Collected data:

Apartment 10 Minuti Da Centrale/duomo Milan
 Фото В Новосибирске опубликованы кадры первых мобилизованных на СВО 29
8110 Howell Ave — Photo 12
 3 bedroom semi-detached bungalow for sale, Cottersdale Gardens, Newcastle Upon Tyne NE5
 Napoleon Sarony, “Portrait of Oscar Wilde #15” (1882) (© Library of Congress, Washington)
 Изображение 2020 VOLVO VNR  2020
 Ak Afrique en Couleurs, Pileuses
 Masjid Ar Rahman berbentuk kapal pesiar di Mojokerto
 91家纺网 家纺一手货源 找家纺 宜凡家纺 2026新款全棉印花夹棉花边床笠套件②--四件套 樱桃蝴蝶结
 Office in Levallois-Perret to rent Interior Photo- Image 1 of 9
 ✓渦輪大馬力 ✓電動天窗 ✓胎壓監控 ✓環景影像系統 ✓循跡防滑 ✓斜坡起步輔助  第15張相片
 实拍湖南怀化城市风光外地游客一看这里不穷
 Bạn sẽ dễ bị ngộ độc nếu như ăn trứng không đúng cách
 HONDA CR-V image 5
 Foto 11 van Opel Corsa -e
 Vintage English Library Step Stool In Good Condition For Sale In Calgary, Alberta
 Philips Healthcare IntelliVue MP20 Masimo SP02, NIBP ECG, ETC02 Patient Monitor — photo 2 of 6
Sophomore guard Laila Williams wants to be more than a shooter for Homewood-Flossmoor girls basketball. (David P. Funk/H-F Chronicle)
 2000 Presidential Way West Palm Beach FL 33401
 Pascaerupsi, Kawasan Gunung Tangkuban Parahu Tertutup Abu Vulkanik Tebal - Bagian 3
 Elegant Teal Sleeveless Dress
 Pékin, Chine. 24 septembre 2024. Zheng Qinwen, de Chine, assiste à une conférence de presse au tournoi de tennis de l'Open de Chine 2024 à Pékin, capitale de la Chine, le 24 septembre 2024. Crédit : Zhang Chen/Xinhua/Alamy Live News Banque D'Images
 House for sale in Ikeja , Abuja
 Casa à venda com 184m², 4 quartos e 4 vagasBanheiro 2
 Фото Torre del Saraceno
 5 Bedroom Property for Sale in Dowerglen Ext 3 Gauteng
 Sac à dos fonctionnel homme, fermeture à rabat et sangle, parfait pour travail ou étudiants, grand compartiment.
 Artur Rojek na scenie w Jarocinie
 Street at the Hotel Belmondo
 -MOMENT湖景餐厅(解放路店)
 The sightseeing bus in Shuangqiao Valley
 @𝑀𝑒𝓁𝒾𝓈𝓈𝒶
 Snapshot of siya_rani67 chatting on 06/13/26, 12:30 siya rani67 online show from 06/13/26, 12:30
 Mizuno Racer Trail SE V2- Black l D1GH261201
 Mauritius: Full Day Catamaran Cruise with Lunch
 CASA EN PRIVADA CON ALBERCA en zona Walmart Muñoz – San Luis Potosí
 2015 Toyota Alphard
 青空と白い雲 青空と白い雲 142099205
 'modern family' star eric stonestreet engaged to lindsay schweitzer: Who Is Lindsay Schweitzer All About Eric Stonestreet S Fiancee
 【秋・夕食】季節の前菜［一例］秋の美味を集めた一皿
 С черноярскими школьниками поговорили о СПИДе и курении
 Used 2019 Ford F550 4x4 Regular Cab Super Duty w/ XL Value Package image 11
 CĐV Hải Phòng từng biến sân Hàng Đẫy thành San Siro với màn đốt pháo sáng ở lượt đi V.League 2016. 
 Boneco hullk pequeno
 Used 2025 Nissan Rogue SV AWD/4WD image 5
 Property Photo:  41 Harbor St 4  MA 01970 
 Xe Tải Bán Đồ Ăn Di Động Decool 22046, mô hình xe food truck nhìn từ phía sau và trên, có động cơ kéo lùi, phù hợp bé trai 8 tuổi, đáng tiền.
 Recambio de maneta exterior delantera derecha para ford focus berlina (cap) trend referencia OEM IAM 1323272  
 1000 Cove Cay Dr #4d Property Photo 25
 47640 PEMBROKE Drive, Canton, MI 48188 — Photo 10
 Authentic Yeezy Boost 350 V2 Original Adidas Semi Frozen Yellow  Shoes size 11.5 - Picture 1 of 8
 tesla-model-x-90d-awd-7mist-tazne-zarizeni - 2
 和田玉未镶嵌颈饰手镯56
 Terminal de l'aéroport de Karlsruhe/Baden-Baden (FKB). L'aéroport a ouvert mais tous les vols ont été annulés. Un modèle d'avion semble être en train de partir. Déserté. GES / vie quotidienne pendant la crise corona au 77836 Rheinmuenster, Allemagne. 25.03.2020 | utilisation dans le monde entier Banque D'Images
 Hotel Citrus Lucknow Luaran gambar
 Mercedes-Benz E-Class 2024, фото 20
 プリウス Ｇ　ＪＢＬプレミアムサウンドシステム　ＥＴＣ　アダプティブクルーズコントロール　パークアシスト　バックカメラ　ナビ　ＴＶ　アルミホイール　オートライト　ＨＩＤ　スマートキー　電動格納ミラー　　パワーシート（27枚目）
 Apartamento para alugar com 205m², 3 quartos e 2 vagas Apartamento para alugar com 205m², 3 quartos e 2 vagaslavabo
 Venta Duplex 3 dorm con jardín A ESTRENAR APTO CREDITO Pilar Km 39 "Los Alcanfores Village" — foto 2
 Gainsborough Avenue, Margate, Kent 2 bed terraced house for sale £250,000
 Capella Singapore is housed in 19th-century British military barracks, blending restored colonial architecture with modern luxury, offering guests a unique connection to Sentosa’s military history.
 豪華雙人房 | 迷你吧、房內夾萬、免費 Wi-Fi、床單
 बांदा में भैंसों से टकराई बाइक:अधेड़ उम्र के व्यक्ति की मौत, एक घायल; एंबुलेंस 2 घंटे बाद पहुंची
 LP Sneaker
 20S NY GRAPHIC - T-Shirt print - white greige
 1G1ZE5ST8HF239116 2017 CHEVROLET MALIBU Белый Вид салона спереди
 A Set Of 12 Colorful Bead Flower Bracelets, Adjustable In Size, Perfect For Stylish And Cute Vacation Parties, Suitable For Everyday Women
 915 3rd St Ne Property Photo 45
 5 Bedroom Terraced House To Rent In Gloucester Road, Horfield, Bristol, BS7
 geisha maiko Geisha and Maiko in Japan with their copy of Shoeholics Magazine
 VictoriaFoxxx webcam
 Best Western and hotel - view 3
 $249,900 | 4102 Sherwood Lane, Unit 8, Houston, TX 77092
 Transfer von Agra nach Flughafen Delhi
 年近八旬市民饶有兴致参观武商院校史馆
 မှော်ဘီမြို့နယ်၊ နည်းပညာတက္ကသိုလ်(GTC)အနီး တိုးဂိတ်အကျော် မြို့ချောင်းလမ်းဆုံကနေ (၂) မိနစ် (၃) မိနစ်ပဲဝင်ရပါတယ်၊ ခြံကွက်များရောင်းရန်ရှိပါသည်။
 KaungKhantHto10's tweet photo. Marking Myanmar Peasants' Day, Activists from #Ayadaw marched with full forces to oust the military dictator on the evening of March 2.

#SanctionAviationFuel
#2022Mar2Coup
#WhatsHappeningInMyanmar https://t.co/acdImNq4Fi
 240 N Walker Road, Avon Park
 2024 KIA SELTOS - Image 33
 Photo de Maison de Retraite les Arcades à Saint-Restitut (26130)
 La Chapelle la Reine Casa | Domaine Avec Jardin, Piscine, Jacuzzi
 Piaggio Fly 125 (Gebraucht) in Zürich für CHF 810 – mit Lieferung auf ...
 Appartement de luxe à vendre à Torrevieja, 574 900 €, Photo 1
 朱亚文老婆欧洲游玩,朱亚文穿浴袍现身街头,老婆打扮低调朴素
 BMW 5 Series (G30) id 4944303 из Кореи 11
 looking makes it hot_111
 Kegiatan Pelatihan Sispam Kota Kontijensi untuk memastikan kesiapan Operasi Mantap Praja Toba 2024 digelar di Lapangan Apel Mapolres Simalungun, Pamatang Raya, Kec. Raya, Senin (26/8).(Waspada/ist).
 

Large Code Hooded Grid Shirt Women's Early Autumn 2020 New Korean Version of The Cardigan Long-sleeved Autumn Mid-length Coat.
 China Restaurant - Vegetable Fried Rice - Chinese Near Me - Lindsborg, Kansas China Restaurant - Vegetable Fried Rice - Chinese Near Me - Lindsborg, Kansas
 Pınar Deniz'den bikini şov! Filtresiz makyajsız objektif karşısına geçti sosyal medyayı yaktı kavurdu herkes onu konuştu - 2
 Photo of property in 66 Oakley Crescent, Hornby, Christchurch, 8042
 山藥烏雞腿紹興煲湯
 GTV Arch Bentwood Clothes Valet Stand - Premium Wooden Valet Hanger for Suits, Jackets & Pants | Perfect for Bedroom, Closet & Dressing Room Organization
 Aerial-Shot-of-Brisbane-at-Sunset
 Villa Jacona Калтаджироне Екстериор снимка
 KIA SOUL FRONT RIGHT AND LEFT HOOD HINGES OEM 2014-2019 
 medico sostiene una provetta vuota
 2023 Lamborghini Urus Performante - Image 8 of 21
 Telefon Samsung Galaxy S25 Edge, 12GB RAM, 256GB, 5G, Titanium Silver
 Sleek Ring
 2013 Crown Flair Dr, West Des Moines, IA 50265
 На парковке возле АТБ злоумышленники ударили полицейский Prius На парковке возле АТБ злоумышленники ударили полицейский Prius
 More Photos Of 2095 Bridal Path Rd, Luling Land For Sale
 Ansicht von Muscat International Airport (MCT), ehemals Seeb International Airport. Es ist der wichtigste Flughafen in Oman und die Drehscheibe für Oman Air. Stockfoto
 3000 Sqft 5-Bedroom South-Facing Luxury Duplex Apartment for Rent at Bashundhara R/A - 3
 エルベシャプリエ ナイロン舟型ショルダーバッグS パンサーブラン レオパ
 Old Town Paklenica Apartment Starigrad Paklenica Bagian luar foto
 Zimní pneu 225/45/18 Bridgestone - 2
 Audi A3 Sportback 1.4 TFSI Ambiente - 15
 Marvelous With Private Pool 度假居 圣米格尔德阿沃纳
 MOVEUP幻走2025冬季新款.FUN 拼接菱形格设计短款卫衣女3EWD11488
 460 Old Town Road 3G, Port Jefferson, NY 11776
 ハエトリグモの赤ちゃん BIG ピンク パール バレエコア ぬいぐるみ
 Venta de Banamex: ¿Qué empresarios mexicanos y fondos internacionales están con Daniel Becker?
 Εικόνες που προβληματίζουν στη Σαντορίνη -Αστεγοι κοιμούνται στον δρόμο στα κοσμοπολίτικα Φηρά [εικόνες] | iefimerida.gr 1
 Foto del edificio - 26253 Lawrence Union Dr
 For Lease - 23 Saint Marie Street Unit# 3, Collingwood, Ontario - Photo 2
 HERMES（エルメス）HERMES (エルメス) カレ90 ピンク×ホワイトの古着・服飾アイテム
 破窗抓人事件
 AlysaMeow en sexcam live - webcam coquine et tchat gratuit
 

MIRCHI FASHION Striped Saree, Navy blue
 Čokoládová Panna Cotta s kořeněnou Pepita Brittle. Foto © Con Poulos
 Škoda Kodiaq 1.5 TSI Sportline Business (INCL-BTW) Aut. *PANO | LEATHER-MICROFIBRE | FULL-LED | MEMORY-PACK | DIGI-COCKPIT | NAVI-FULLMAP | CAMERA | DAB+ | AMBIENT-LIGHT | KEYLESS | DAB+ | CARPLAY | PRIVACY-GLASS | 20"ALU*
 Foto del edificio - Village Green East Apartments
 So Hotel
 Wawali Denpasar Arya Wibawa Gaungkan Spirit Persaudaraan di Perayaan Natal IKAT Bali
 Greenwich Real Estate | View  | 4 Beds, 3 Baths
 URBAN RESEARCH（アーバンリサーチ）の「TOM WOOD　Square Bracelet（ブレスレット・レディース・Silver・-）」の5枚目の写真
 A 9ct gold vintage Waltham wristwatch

Description of the task:
What is needed is an exact copy of the lines above, from the one containing "2024 KIA SELTOS - Image 33" through the one containing "BMW 5 Series (G30) id 4944303 из Кореи 11", with nothing added.

Written response:
 2024 KIA SELTOS - Image 33
 Photo de Maison de Retraite les Arcades à Saint-Restitut (26130)
 La Chapelle la Reine Casa | Domaine Avec Jardin, Piscine, Jacuzzi
 Piaggio Fly 125 (Gebraucht) in Zürich für CHF 810 – mit Lieferung auf ...
 Appartement de luxe à vendre à Torrevieja, 574 900 €, Photo 1
 朱亚文老婆欧洲游玩,朱亚文穿浴袍现身街头,老婆打扮低调朴素
 BMW 5 Series (G30) id 4944303 из Кореи 11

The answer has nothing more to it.